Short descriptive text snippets
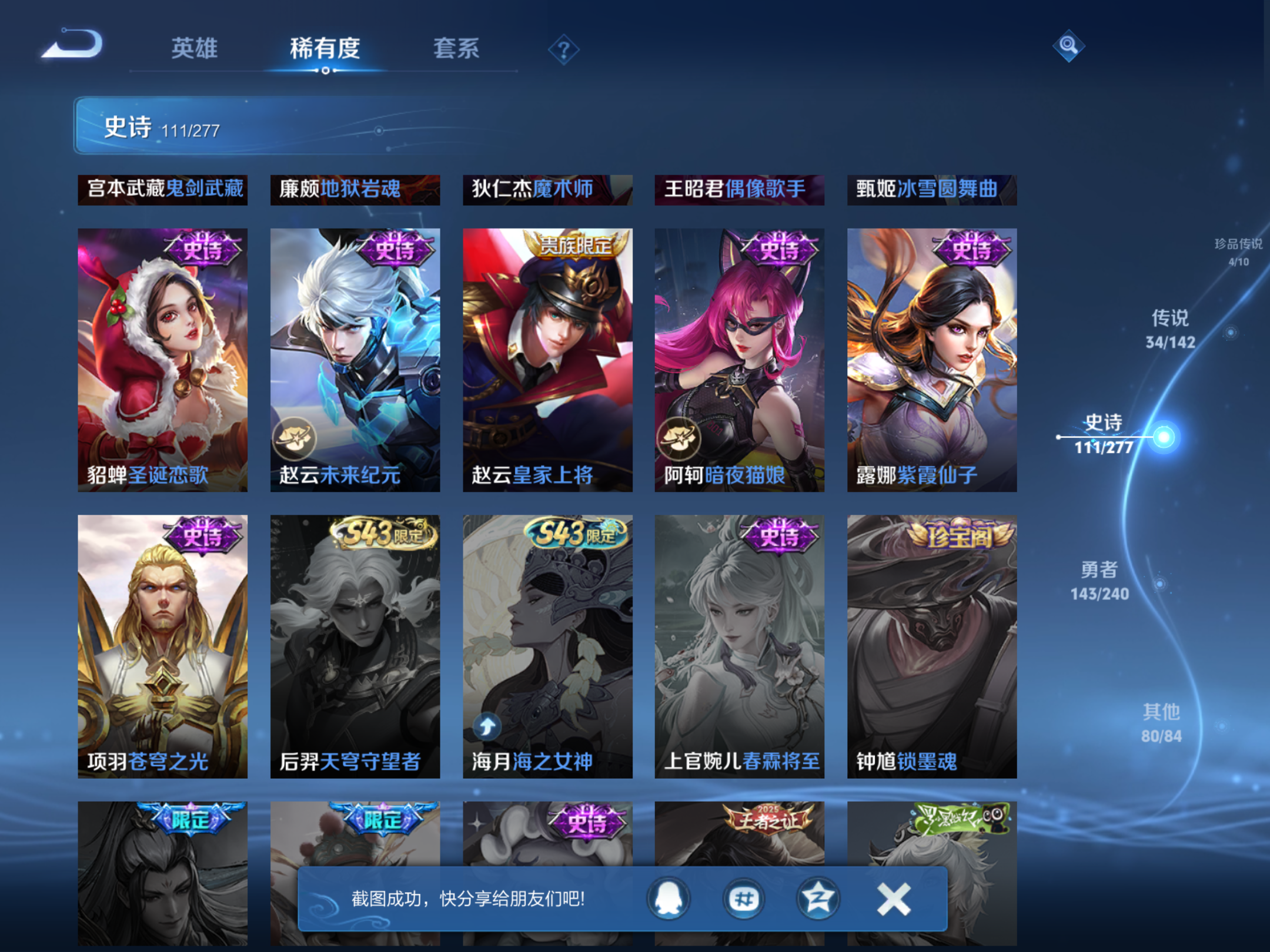 WZCMW4300497王者荣耀账号详情图18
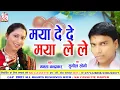 Download Lagu Sunil Soni | Mamta Chandrakar  | Cg Song | Maya De De Maya Le Le | Chhattisgarhi Gana | AVM STUDIO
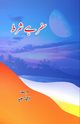 Safar hai Shart, 
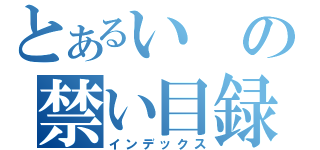 とあるいの禁い目録（インデックス）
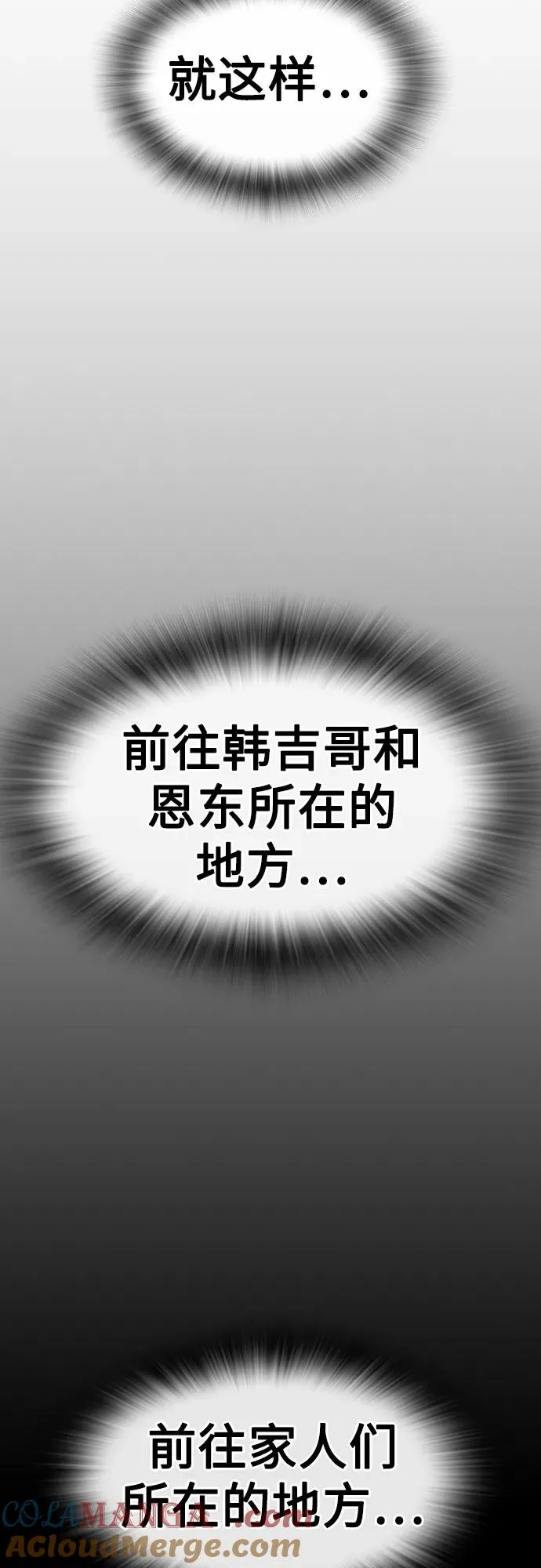 [第2季] 第88话 第29页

_Required work_
Verbatim, write out the line containing "Download Lagu Sunil" and all later lines through the end of the records, leaving every picture out.

_Solution to this exercise_
 Download Lagu Sunil Soni | Mamta Chandrakar  | Cg Song | Maya De De Maya Le Le | Chhattisgarhi Gana | AVM STUDIO
 Safar hai Shart, 
 とあるいの禁い目録（インデックス）
 [第2季] 第88话 第29页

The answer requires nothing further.